Marguerite Reardon of CNET reported that the deal is likely to lead to more media mergers:
The merger, which combines one of the largest communications network providers with a major player in the entertainment market, is poised to shake up the media world. It may immediately trigger another deal between Comcast and Fox, which already has an agreement to sell its entertainment assets to Walt Disney. The deals come at a time when traditional media and internet service providers see online giants like Google and Facebook as the key competitive threat.
For AT&T, the ruling marks a huge win in its bid to transform itself into a media powerhouse. In 2015 it purchased satellite TV provider DirecTV for nearly $49 billion.
AT&T applauded the court’s decision. The company said it plans to close the merger, which was announced a year and a half ago, on or before June 20.

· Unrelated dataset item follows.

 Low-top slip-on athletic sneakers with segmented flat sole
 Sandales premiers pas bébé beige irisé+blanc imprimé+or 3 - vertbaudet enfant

“We are pleased that, after conducting a full and fair trial on the merits, the Court has categorically rejected the government’s lawsuit to block our merger with Time Warner,” David McAtee, AT&T’s general counsel, said in a statement.
Ted Johnson of Variety reported that Time Warner believes the Justice Department lawsuit was politically motivated:
Gary Ginsberg, Time Warner’s executive vice president, said in a statement that U.S. District Judge Richard Leon’s “resounding rejection of the government’s arguments is confirmation that this was a case that was baseless, political in its motivation and should never have been brought in the first place.”
Executives at both companies broach the idea that the merger was singled out for antitrust enforcement because of President Donald Trump’s animosity toward Time Warner unit CNN.
Before the trial started, AT&T CEO Randall Stephenson called Trump’s opposition to the merger and attacks on CNN the “elephant in the room” and that the lawsuit raised First Amendment issues. Trump opposed the transaction during the 2016 presidential campaign, and supported the DOJ’s lawsuit.